INFORMATION SUPPLIED:
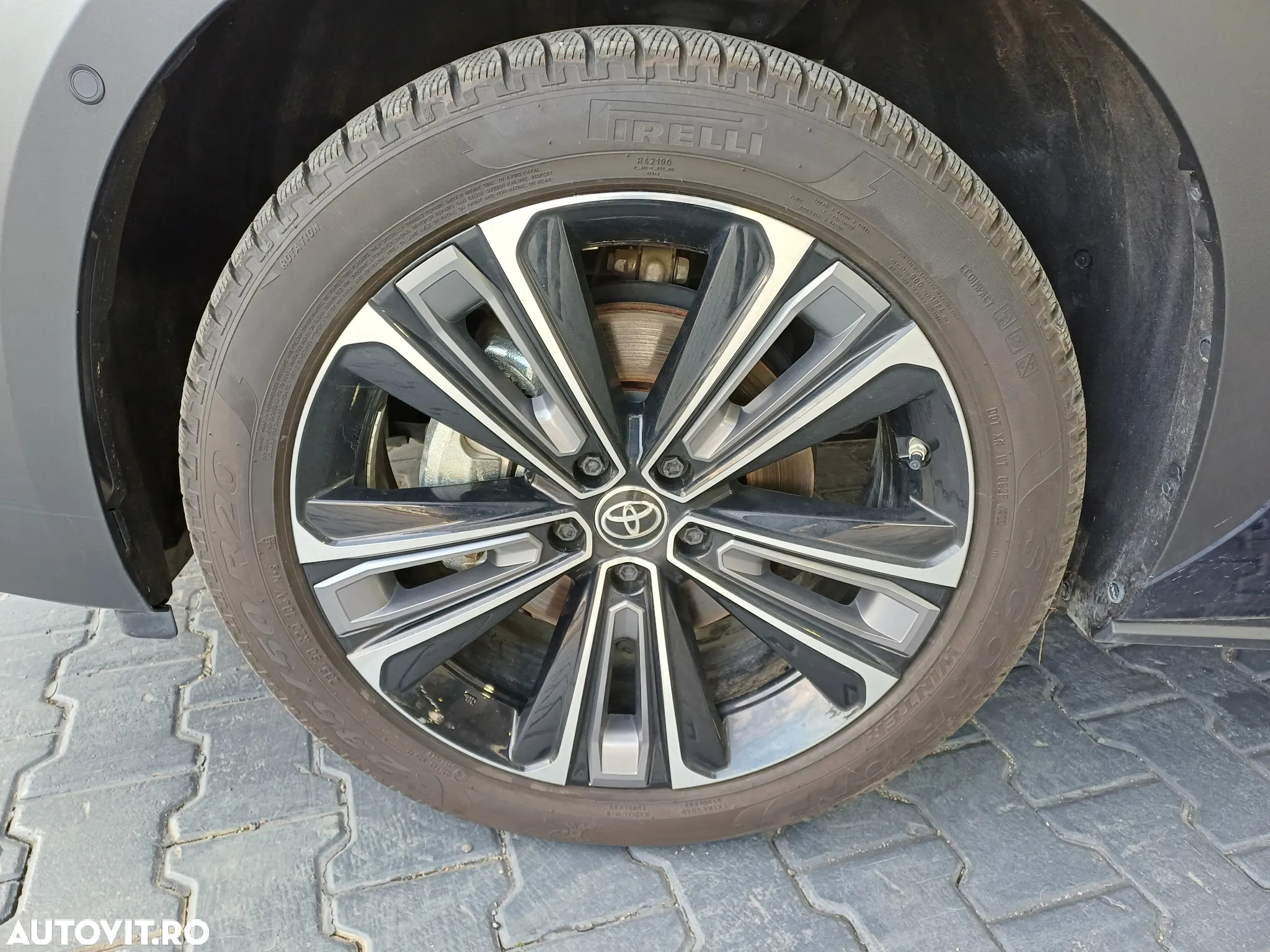 Toyota BZ4X 160 KW AWD (4x4) Luxury - 4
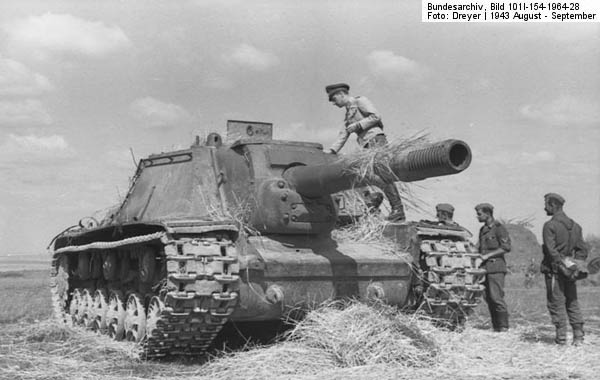 SU-152 (WWII Soviet Self-Propelled Gun) SU-152 (WWII Soviet Self-Propelled Gun)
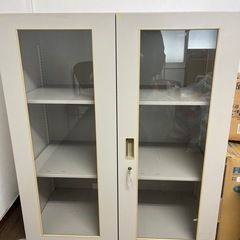 【残り1日】鍵付きキャビネット！オフィス家具多数あり！の画像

DESCRIPTION OF THE TASK: Repeat the data word for word. Skip the pictures.

ANSWER BOX:
 Toyota BZ4X 160 KW AWD (4x4) Luxury - 4
 SU-152 (WWII Soviet Self-Propelled Gun) SU-152 (WWII Soviet Self-Propelled Gun)
 【残り1日】鍵付きキャビネット！オフィス家具多数あり！の画像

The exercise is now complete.